*Your assignment*. Among the entries below, find the line with "adidas Originals Пуховик", then quote it and each following line up to and including the line with "Chikorita 100/165 Expedition", and nothing else.

*Task data*.
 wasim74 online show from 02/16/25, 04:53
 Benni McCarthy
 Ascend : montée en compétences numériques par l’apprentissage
--
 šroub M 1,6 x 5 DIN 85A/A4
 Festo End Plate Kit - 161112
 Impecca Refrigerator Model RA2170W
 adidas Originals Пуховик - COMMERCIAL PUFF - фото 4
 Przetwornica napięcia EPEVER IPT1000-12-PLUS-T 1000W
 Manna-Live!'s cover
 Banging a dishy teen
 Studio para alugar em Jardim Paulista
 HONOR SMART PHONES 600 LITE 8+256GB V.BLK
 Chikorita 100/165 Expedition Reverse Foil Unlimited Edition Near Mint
---
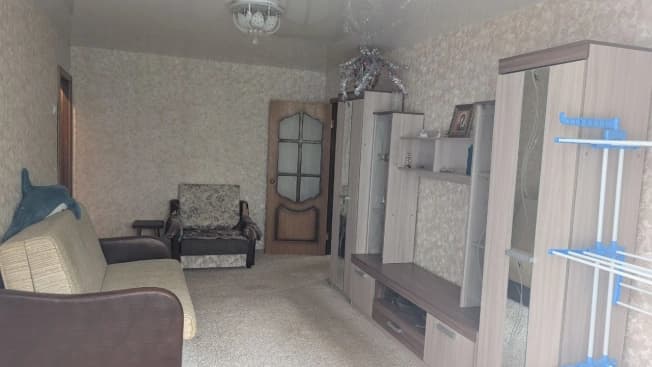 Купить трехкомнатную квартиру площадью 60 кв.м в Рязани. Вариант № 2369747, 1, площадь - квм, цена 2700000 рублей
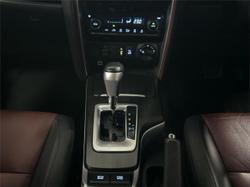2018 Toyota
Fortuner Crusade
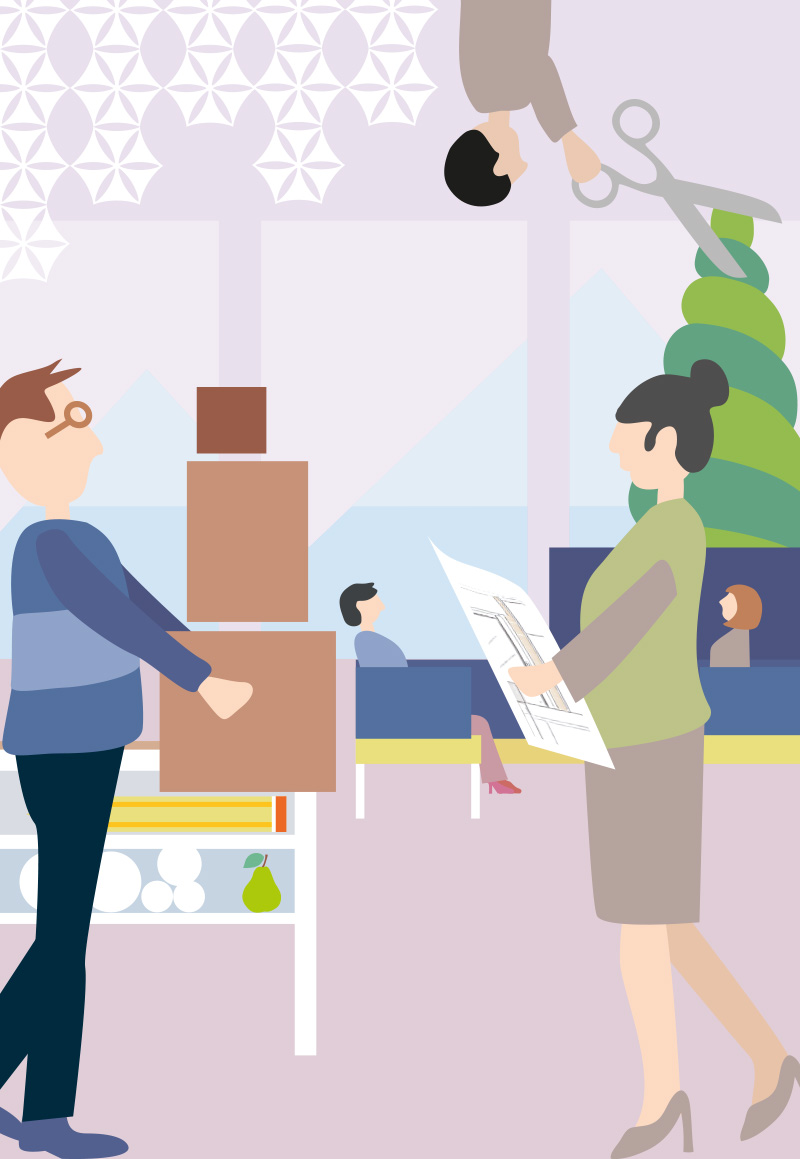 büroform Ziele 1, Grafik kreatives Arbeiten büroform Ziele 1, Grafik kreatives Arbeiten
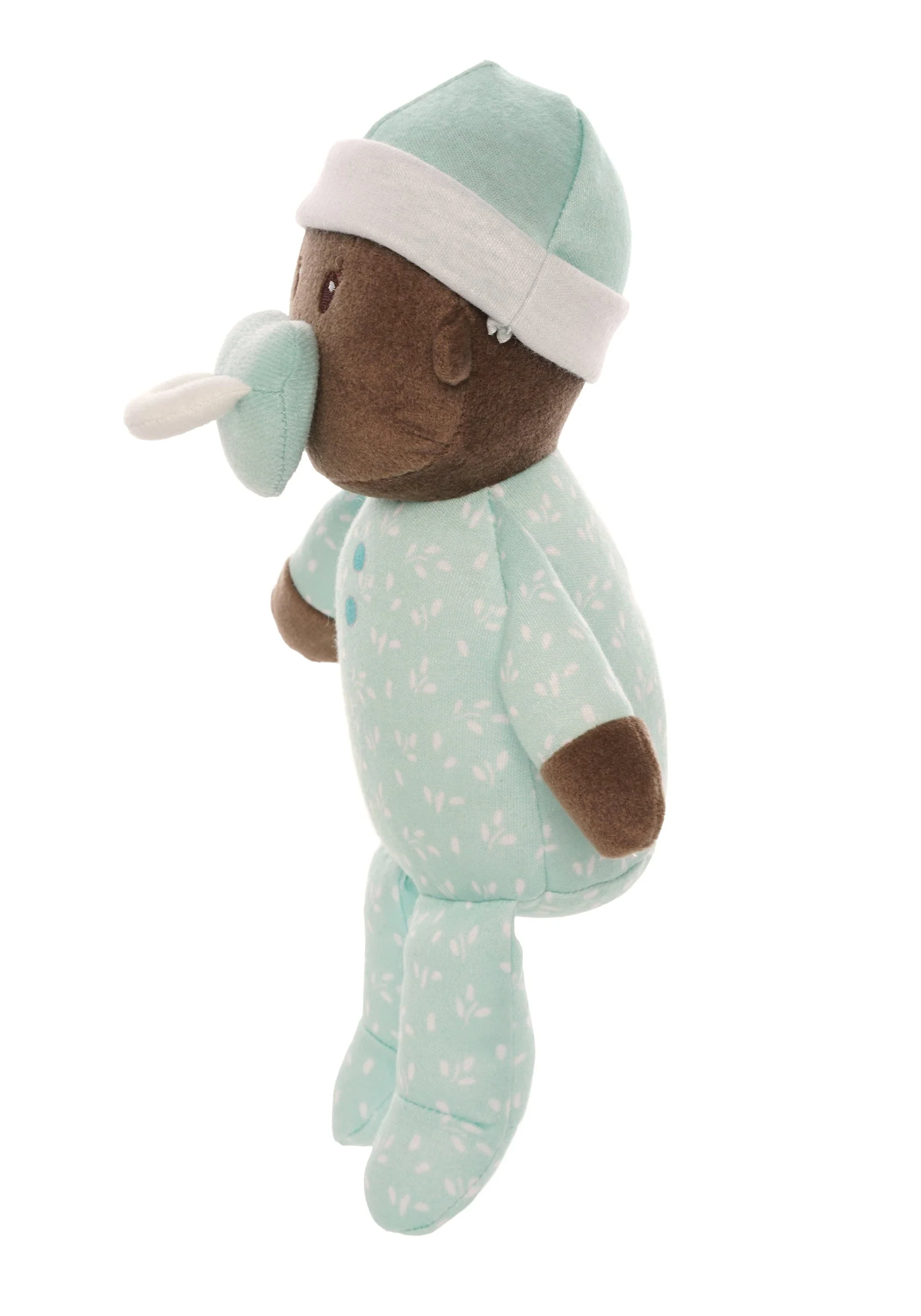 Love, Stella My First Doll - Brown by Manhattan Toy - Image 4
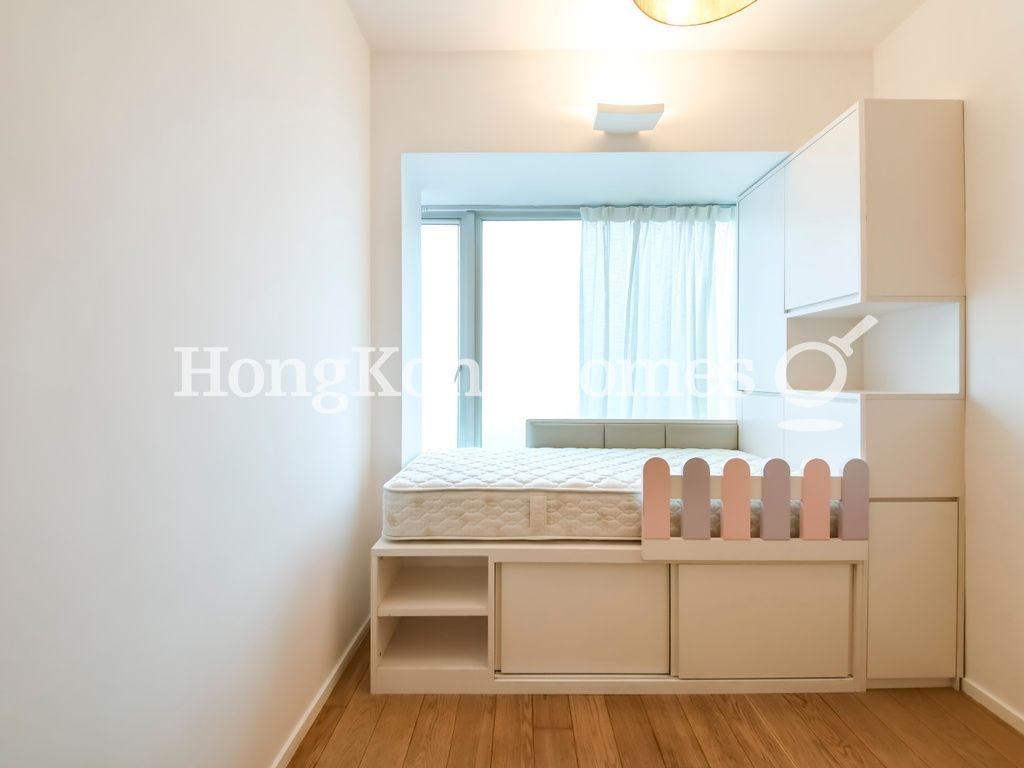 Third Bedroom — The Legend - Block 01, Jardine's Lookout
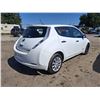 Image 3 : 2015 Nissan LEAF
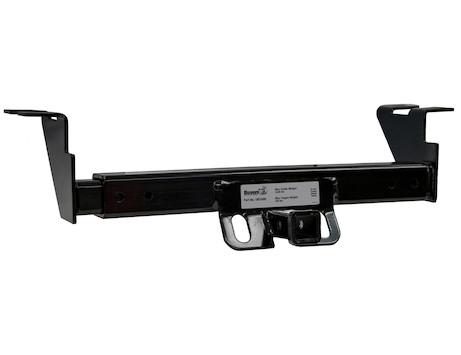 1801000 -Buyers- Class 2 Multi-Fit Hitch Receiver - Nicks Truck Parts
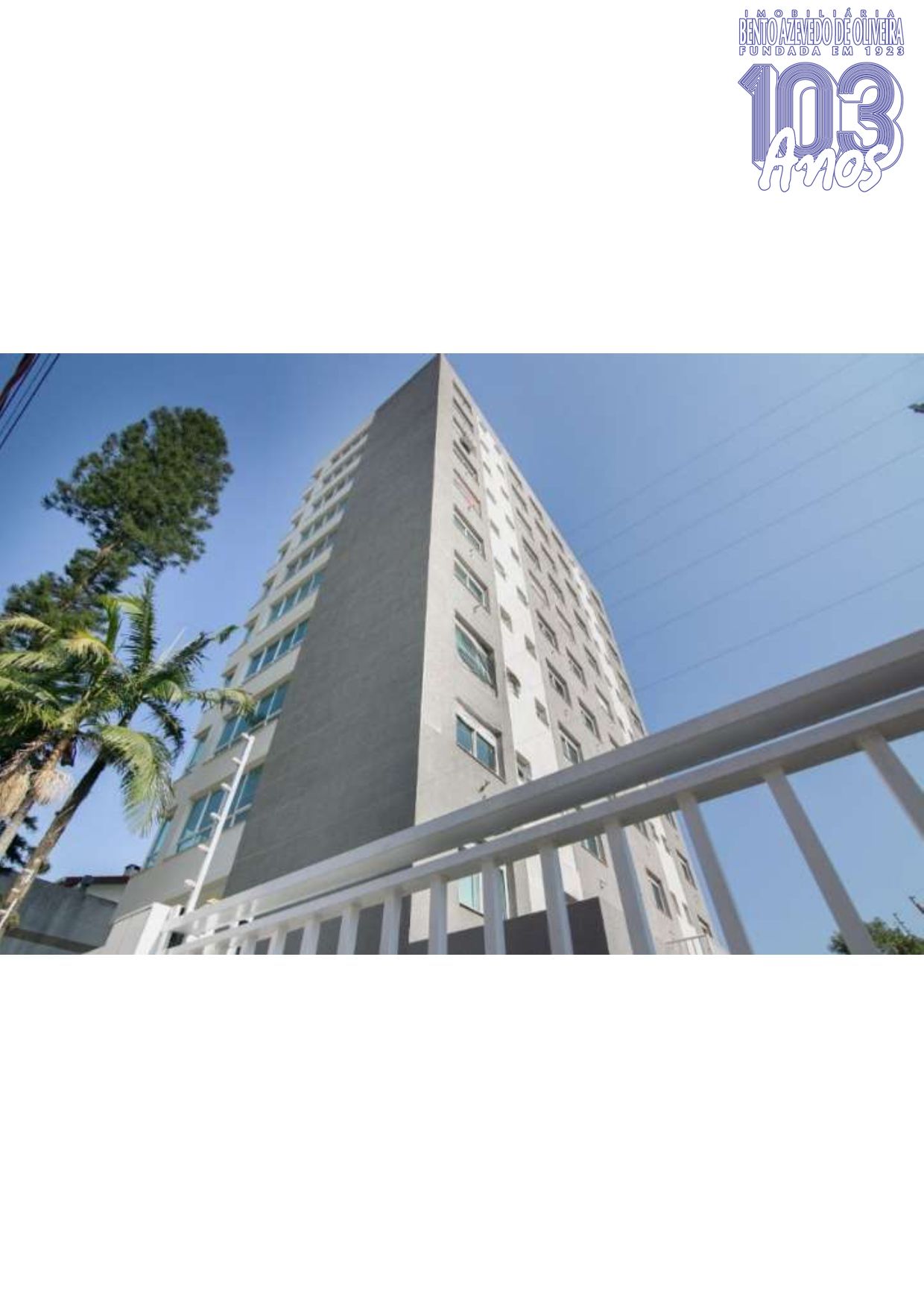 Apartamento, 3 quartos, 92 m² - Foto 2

*Exercise solution*.
 adidas Originals Пуховик - COMMERCIAL PUFF - фото 4
 Przetwornica napięcia EPEVER IPT1000-12-PLUS-T 1000W
 Manna-Live!'s cover
 Banging a dishy teen
 Studio para alugar em Jardim Paulista
 HONOR SMART PHONES 600 LITE 8+256GB V.BLK
 Chikorita 100/165 Expedition Reverse Foil Unlimited Edition Near Mint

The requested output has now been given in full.